* Exercise
Below is a listing. Set down exactly the lines from the one containing "Letto Viana vidaXL" through the one containing "L'Oréal Men Expert", both ends included, and leave out the rest.

* Provided data
=== Section Start ===

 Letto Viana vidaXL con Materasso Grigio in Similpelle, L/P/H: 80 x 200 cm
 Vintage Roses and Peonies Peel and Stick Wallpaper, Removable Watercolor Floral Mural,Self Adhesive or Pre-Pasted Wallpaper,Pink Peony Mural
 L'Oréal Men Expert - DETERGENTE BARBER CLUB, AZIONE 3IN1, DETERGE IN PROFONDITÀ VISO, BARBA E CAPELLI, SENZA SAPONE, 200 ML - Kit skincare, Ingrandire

=== Section End ===
=== Section Start ===

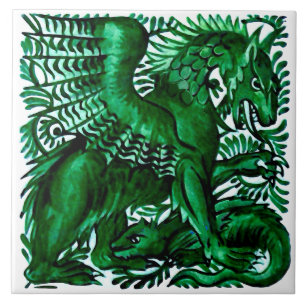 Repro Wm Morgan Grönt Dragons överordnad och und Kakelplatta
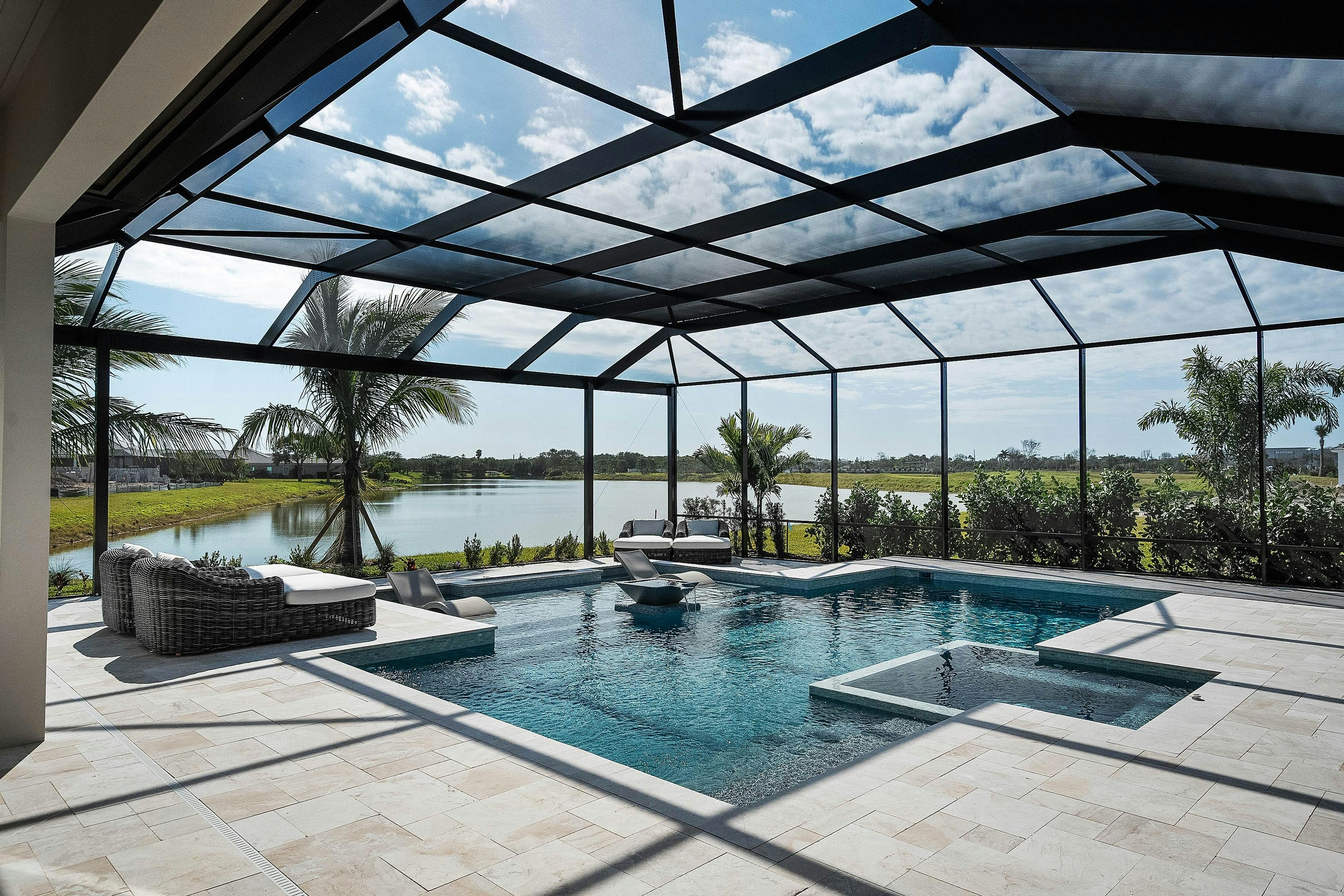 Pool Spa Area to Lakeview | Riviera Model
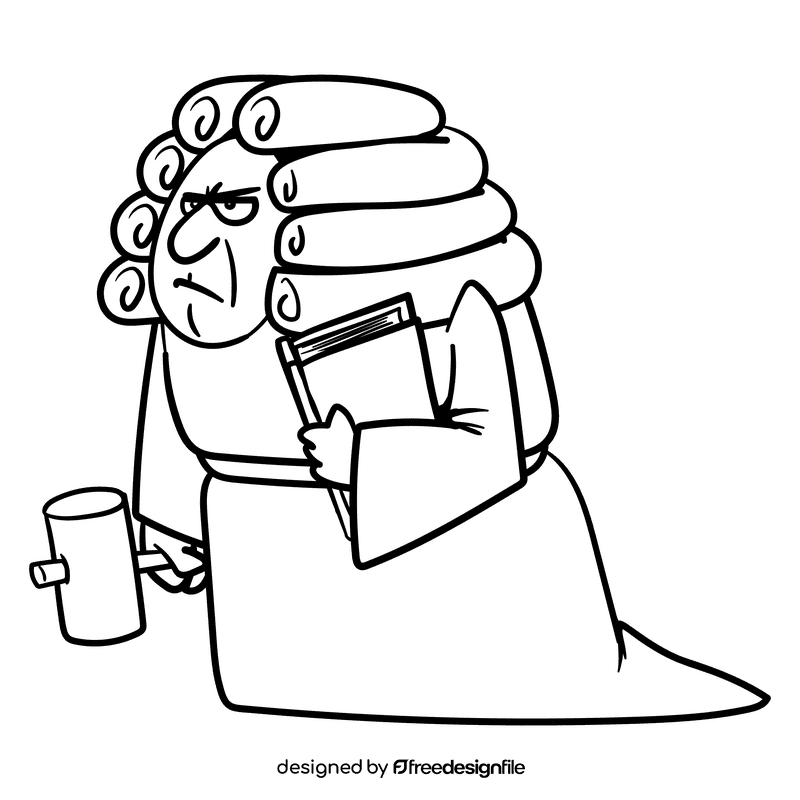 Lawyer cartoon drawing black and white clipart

=== Section End ===
=== Section Start ===

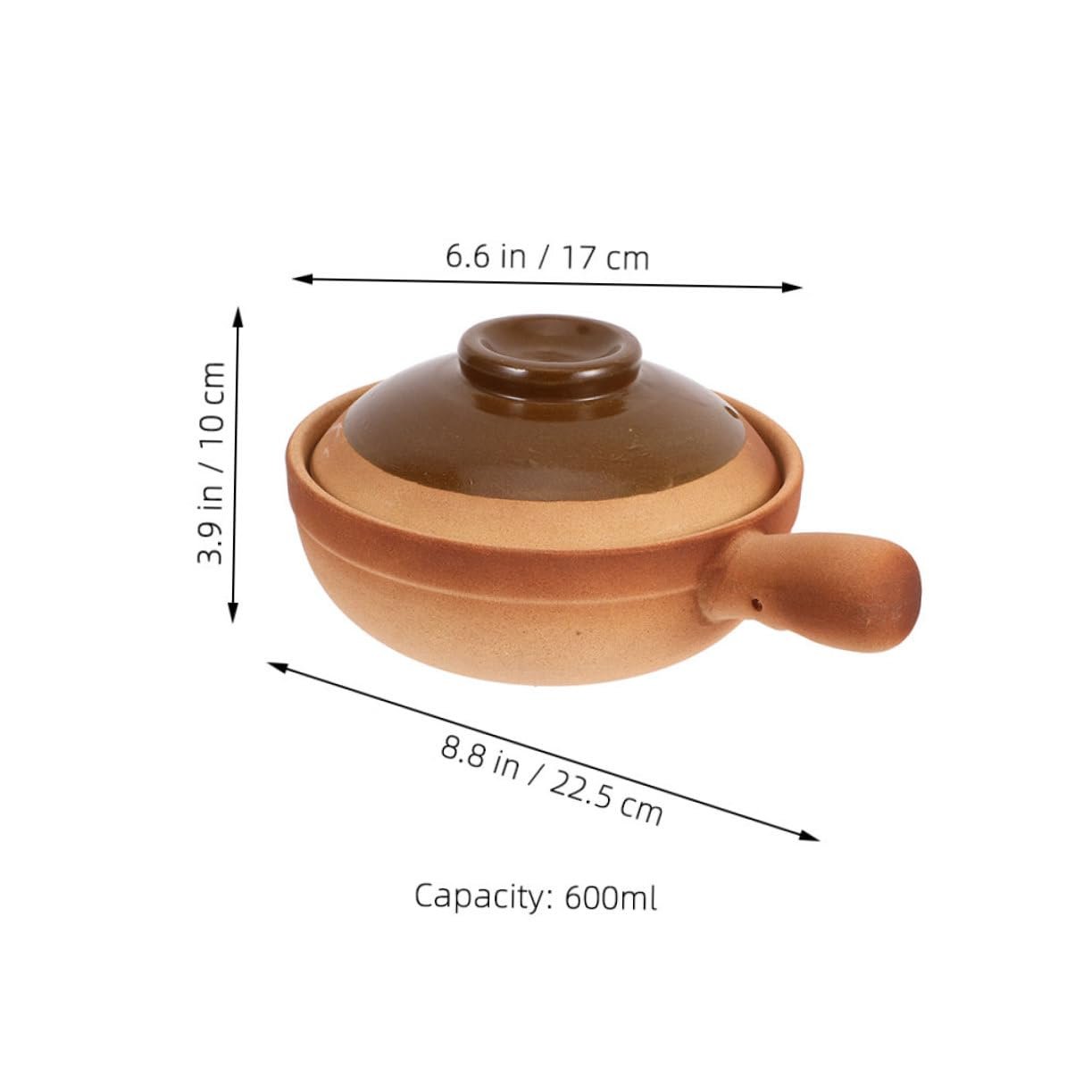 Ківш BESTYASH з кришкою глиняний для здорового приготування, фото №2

=== Section End ===

* Solution for this task
 Letto Viana vidaXL con Materasso Grigio in Similpelle, L/P/H: 80 x 200 cm
 Vintage Roses and Peonies Peel and Stick Wallpaper, Removable Watercolor Floral Mural,Self Adhesive or Pre-Pasted Wallpaper,Pink Peony Mural
 L'Oréal Men Expert - DETERGENTE BARBER CLUB, AZIONE 3IN1, DETERGE IN PROFONDITÀ VISO, BARBA E CAPELLI, SENZA SAPONE, 200 ML - Kit skincare, Ingrandire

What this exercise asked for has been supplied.